# Bosque del Apache Wildlife Refuge (27,000 snow geese, no bugs or snakes)



## The Hooded Claw (Oct 12, 2009)

Bosque del Apache National Wildlife Refuge is in Central New Mexico, about an hour's drive south of Albuquerque. It is an important way station for a variety of birds during migration. The refuge pays farmers to grow crops there (it is in the Rio Grande Valley, so it is quite moist and fertile despite being in New Mexico) for the birds to eat. The best time to go there is in December and January, when there are typically (these are real numbers) about 27,000 snow geese there, and about 8,000 sandhill cranes. I've been there three times--The first two in December, the last one in November.

The biggest spectacle at Bosque is the morning blastoff of snow geese. They spend the night in big shallow water impoundments. Early each morning, the snow geese take off. If you're lucky, they do it all at once, seemingly by telepathy. It is amazing:










To answer the question in your mind, I got "bombed" twice during this blastoff, and my car, which was right behind me, was smothered in goose poop. But it was worth it!

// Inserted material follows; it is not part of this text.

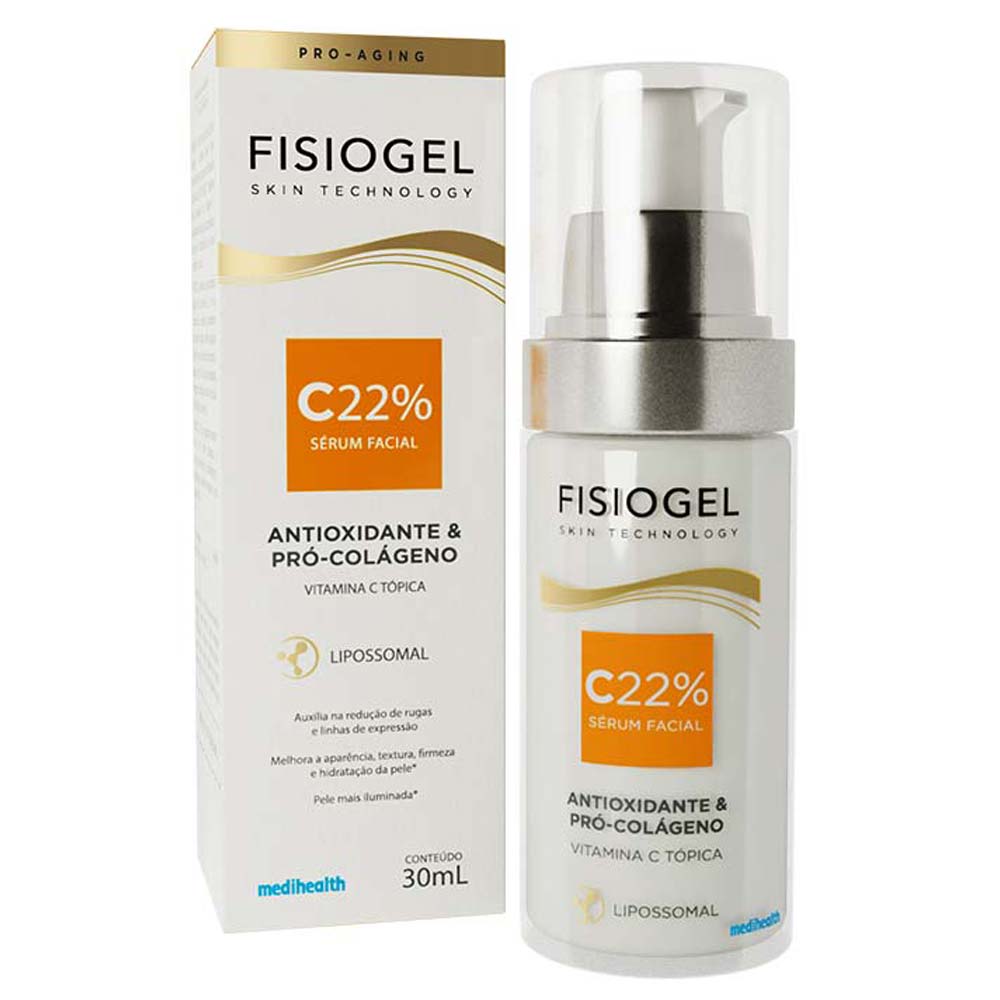 Miniatura Sérum Facial Antioxidante Fisiogel - C22% 30ml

Normally the birds go earlier than in the previous photo. If you have a good sunrise behind them, the combination of sunrise colors (if you are lucky) and New Mexico mountains is incredible:










After the excitement of the morning blastoff, you have three choices: If you get going promptly, you can go to a different area where it is easy to get flight shots of the big sandhill cranes taking off (they go individually or in very small groups, and don't have the drama of the snow geese mass blastoff). My flight technique s*cks, so I don't have any good crane flight shots to show, though it is still worth seeing. I usually go over to the agricultural field and photograph mass shots of the geese and cranes feeding.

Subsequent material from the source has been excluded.